New structures that reach across organizations, and indeed into other organizations, will have to be created to share context, communications and knowledge. These forums might initially appear ungainly or even top-heavy as a large number of senior decision-makers gather to share ideas.

Traditionalists might scoff at these teams or wonder how efficient such involvement could be. In the traditional model of leadership, small numbers of senior people gathered to make important decisions. But the reality is that today, very few executive teams know enough about what is going on in their business to have all the answers. Input must be gathered from a far greater number of sources then in the past. Good leaders will be able to harness the unruliness to make the most informed decisions possible. And indeed, these new structures are proving to be incredibly effective at sharing context, leveraging knowledge and fostering inter-team innovation.

3. Facilitate connectivity, energize systems. Not surprisingly, most of the leader’s time will be spent improving the connections among network members. Bringing people together (in person or virtually), decreasing isolation, improving the confidence of the various players to take initiative and connecting one worker’s ideas with another team’s initiative will become key characteristics of leadership activity.

Creating the conditions or environments for collaboration and creativity will mean focusing people on paradoxes or uncomfortable issues that need to be addressed, while containing an issue to a reasonable size and timeline for action. Occasionally, leaders will need to release the tension or anxiety so that the pressures and feelings of being overwhelmed don’t become debilitating.

Energizing the network (bringing energy to the system or removing the demotivating elements) so that trust, meaning, perspective and wisdom build momentum, requires leaders to also be energetic. This critical element doesn’t mean that the only energy in the system will be the leader’s. It does mean that the leader will need to be a catalyst — bringing together the elements — for all the partners to “spark” and release their own natural energies.

4. Prioritize the priorities.

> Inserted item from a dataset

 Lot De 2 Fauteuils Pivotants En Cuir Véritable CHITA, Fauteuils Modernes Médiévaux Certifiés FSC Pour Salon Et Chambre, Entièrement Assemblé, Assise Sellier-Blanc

A collaborative network, like a bio-system, is robust and adaptive in its mature state, but vulnerable to greed and conquest in its developing state.

Leaders will have to help colleagues and employees determine the priority of the challenges before them to see the big picture that contains the whole network. Sub-system priorities will have to be themselves “prioritized” within the larger network, balancing emergent, self-directed activity with more planned and designed overall direction. This will ensure each part of the network is creating and enhancing value while not being destructive to the others.

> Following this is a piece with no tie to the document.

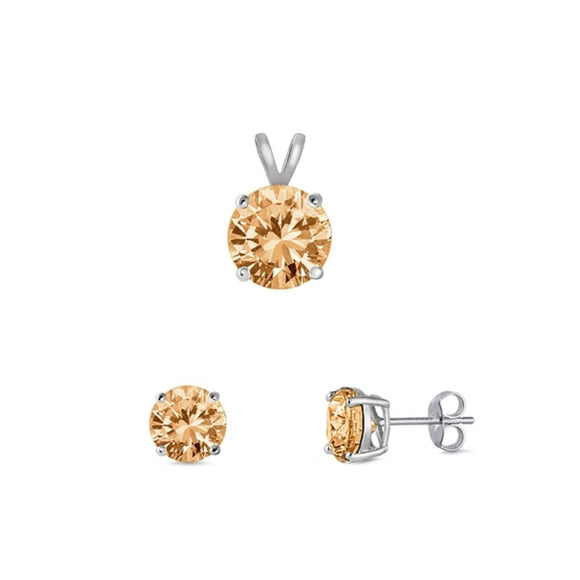 Solitaire Round Earrings Champagne Simulated CZ .925 Sterling Silver Pendant Set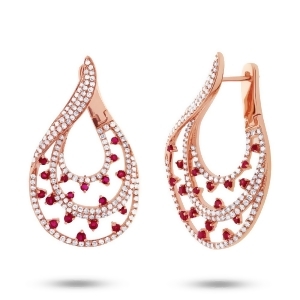1.49Ct Diamond and 0.93ct Ruby 14k Rose Gold Earrings - All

Developing network leaders

What if the leader doesn’t currently have the capacity for this type of work? Can it be developed? Yes, but it will be up to the individual to take the initiative to develop the requisite skills and competencies.

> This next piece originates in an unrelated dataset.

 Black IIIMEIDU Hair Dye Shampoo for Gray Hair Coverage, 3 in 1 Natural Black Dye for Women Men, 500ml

Network leadership is highly personal and requires a great deal of initiative. Leading a team will take a higher level of engagement and demand more energy, intellect and responsibility than it did in the past.

More than ever leaders in the networked economy will have to be well-informed and eager to explore new terrain to recognize the patterns of success and innovation around them so they can be applied by their team.

Network leadership means continually adapting structures, processes and communication mechanisms and doing so quickly.

Things have happened quickly in the past few years and they are not going to slow down. Leaders will have to be able to anticipate the potential consequences of decisions before actually going ahead with them. “We’ll figure it out later” doesn’t really cut it anymore. And while the complexity of the networked business world may often prevent leaders from understanding exactly how the network might respond, the leader must at least stay close to the network to monitor changes and make adaptations quickly along the way.

The challenge of developing this kind of leadership and putting together these components will always remain with the individual. Engagement to become a network leader will be by choice. Organizational successes may well rely on a few good men and women making the commitment to evolving to this new and higher state of leadership practice.